Looking for magnanimity amongst the Dems

There’s a lot to worry about when you look at a potential Joe Biden presidential candidacy. The gaffes, the age, the lack of enthusiasm from the base. And he’s coming from a long way back, with Bernie Sanders still charging in many Super Tuesday states. But Biden’s comprehensive victory in North Carolina puts him back in the race and what he said after the win should make Americans of all persuasions sit up and take notice.

He dared to speak the message that dare not speak its name at the moment in much of the Democratic base. The message of unity. The message of healing America.

There will be a lot of rebuild after the Trump presidency, however long it lasts.
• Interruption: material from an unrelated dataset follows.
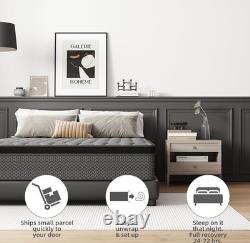 10 inch Hybrid Pocket Spring Memory Foam Mattres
Many of those involve the rights and respect Trump has stripped from those he has abused and mocked. But at the heart of the post-Trump mission will be to find a way of bringing a polarised citizenry back together. If the next president does not get that, then the state of the union could be very perilous indeed.

President Barack Obama used to talk not about red states and blue states, but the United States. He talked about a purple where people can come together.

Tonight I was at a lecture by American historian Ron White, a best-selling biographer of Abraham Lincoln. Lincoln was president when the US was its most divided. It wasn’t just insults Americans were firing off at each other, but cannon balls. They weren’t just sticking them with unkind words, but bayonets.

Around three-quarters of a million people died in the US civil war and Lincoln entering his second term looked like he would have the job of trying to bring war-torn states back together. His second inauguration speech is a masterpiece of magnanimity.

Lincoln had the grace to speak of his enemies in the South as victims too. He acknowledged all sought to avert war, both sides deprecated it. Both sides, he said, read the same bible and invoked the same God to aid them in their fight.

He is strong enough to still declare ‘American slavery’ (not just Southern slavery) a sin and to say one side wanted to make war while the other (his) only was forced to accept it.

But he declared those famous words at the end, that Americans should strive “with malice toward none; with charity for all; with firmness in the right… to bind up the nation’s wounds” to achieve a lasting peace.

Lincoln’s quality of leadership involved his ability to bring together rivals and show empathy and inclusion. Yet that’s been a rare sight from Democrat candidates this season. Yes, it would be wrong to not be angry in this mockery of a Trump era, but to indulge that anger is to avoid the difficult task of true leadership. Yet the likes of Sanders and Warren seem to suggest that an administration they led would be just as unforgiving of its opponents as Trump has been of his. No, I’m not creating some false equivalence; there are many, many distinguishing factors. But their campaigns feel like a swing from one partisan, non-negotiable world view to another. I cannot see how that ends well for America and does continue the polarisation path it is already on.

So I’ve been looking for examples of leadership that reflect the better angels of the likes of Lincoln and Obama. And while I’m yet to be convinced, I was impressed with what I hard from Biden tonight. Check this out:

“Winning means uniting America not sowing more division and anger. It means not only fighting but healing the country. We have to beat Donald Trump and the Republican Party, but here’s the deal; we can’t become like them. We can’t become more like. We can’t have a never-ending war.”

It might not feel as satisfying as getting one over on Trump and a Republican Party (the party of Lincoln!) that has sold its soul to the egomania and self-interests of a dangerous president. But these are the words of magnanimity that America will need to hear over the next five years, lest the whole experiment in democracy not become irrevocably damaged.